[Extracted data entries]
++++++++

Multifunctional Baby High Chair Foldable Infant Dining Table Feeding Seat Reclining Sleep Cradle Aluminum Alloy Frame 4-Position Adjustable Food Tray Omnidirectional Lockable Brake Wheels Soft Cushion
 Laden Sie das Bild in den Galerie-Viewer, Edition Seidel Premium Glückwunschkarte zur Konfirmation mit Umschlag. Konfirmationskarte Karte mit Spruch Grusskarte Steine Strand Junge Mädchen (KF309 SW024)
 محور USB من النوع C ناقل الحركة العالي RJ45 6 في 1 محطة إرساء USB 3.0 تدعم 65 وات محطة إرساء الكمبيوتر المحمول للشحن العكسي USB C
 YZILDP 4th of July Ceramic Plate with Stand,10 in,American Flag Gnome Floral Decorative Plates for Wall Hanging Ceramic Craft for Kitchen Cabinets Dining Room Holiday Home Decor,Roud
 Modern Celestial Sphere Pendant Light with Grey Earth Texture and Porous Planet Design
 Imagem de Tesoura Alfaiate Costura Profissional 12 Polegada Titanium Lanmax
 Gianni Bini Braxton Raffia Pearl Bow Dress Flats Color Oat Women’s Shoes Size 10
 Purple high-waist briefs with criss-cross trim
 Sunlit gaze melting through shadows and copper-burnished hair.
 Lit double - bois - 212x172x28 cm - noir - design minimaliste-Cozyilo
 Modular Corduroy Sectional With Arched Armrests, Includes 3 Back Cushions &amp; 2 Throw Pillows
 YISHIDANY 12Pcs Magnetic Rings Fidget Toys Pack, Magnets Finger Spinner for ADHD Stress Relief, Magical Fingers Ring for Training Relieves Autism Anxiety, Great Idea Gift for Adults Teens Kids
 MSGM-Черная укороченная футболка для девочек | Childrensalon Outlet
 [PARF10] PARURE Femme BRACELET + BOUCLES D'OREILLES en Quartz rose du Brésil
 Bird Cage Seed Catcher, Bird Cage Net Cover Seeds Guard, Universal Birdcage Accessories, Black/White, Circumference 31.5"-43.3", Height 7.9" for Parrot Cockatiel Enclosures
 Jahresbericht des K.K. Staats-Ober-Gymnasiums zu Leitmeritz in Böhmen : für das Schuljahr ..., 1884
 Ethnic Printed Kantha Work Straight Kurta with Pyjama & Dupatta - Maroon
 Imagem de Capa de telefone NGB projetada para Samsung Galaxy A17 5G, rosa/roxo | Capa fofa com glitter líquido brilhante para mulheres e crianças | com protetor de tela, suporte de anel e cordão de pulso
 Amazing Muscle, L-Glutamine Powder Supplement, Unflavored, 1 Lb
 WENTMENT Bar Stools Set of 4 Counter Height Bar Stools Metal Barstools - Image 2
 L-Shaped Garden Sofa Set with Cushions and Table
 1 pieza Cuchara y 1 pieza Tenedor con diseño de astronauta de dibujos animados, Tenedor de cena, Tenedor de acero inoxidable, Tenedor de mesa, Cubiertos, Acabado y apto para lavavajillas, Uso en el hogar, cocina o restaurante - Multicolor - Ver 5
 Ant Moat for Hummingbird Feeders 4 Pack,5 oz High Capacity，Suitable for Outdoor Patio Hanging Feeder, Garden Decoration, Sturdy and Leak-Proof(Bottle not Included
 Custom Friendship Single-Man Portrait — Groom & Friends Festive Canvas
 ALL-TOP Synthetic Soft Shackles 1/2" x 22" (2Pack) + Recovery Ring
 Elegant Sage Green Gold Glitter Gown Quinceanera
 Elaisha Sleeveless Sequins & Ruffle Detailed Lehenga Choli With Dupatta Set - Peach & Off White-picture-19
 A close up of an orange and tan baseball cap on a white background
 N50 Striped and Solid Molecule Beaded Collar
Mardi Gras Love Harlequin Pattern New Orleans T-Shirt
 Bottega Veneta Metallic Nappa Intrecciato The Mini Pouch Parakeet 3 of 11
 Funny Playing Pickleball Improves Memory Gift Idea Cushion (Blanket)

++++++++

**Exercise brief:** Write out exactly the lines above from the line with "ALL-TOP Synthetic Soft" through the line with "Mardi Gras Love", both of them included, and leave out all other lines.

**Written solution:**
 ALL-TOP Synthetic Soft Shackles 1/2" x 22" (2Pack) + Recovery Ring
 Elegant Sage Green Gold Glitter Gown Quinceanera
 Elaisha Sleeveless Sequins & Ruffle Detailed Lehenga Choli With Dupatta Set - Peach & Off White-picture-19
 A close up of an orange and tan baseball cap on a white background
 N50 Striped and Solid Molecule Beaded Collar
Mardi Gras Love Harlequin Pattern New Orleans T-Shirt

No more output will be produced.